Wetenschap
De genderkloof is zeer opvallend in het STEMM-personeel. Krediet:Jarmoluk op Pixabay
Onderzoekers van de Universiteit van Melbourne analyseerden het aantal mannelijke en vrouwelijke auteurs dat vermeld staat op meer dan 10 miljoen academische papers, waardoor ze de genderkloof tussen onderzoekers kunnen berekenen, evenals de snelheid van verandering voor de meeste disciplines van wetenschap en geneeskunde.

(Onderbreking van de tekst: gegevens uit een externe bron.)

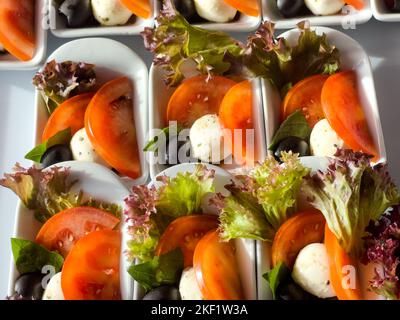 Petite salade d'hors-d'œuvre avec tomates et mozzarella, restauration et services à la clientèle Banque D'Images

Het team bestond uit Dr. Luke Holman, Universitair hoofddocent Devi Stuart-Fox en dr. Cindy Hauser van de School of Biosciences van de University of Melbourne.
Dr. Holman gebruikte computationele methoden om gegevens te verzamelen uit de citatiedatabases PubMed en arXiv, en schatte vervolgens het geslacht van 36 miljoen auteurs op basis van hun naam. De 15-jarige dataset omvat meer dan 6000 wetenschappelijke tijdschriften, omvat bijna alle STEMM-disciplines, en omvat auteurs uit meer dan 100 landen.
De onderzoeksgegevens zijn openbaar gemaakt via een online tool, om onderzoekers te helpen, werkgevers en beleidsmakers identificeren wetenschapsgebieden die nieuwe initiatieven en hervormingen nodig hebben als ze ooit gendergelijkheid willen bereiken en wordt gepubliceerd in PLOS Biologie .
Resultaten toonden aan dat:
Dr. Cindy Hauser zei dat disciplines die sterk op mannen gericht zijn, in de loop van de tijd een bijzonder langzame verbetering van de genderratio lieten zien.
"Van de op gender gebaseerde disciplines, bijna allemaal zijn ze op weg naar pariteit, hoewel voor sommigen wordt voorspeld dat het decennia of zelfs eeuwen nodig heeft om het te bereiken."
Universitair hoofddocent Devi Stuart Fox zei dat ze ervoor kozen om zich te concentreren op academische publicaties, aangezien dit momenteel het belangrijkste middel is om wetenschappelijke kennis te verspreiden en de belangrijkste maatstaf voor onderzoeksproductiviteit. daarmee de loopbaanvooruitzichten en zichtbaarheid van vrouwen in STEMM beïnvloeden.
"Auteurslijsten van deze publicaties gaven ook informatie over de man-vrouwverhouding van mensen die in een bepaald vakgebied werken, evenals over anciënniteit. In de meeste disciplines die in de dataset zijn vertegenwoordigd, de conventies met betrekking tot auteurschapsvolgorde betekenen dat eerste auteurs doorgaans junioronderzoekers zijn, terwijl de laatste auteurs doorgaans meer senior zijn. "
Het team merkt op dat de ondervertegenwoordiging van vrouwen in senior auteurschapsposities waarschijnlijk meerdere, complexe oorzaken, maar dat er al verschillende praktische maatregelen zijn geïdentificeerd die kunnen helpen de genderkloof te dichten, en wachten op uitvoering.
Deze kunnen het hervormen van academische publicaties en peer review omvatten, ervoor zorgen dat vrouwen gelijke toegang hebben tot informele professionele netwerken, meer erkenning van de extra eisen buiten de werkplek die traditioneel op vrouwen rusten bij het beoordelen van de prestaties van onderzoekers, ervoor zorgen dat vrouwen gelijke middelen krijgen op het werk, betere toegang tot voorzieningen voor ouderschapsverlof en loopbaanonderbreking, streven naar een representatieve genderverhouding van uitgenodigde sprekers op conferenties, en positieve actie tijdens het inhuren.
Dr. Holman zei dat de nieuwe dataset nieuwe mogelijkheden biedt om de effectiviteit van sommige van deze strategieën te evalueren.
"Bijvoorbeeld, men zou de impact kunnen meten van dubbelblinde peer review of op uitnodigingen gebaseerde indieningsmodellen, waarvan is voorgesteld dat ze invloed hebben op het aandeel vrouwelijke auteurs dat in een bepaald tijdschrift publiceert. Aanvullend, de gegevens kunnen worden gebruikt in sociologische studies om te helpen bepalen waarom sommige landen een enorm tekort aan vrouwen in STEMM hebben, terwijl anderen al gendergelijkheid hebben bereikt."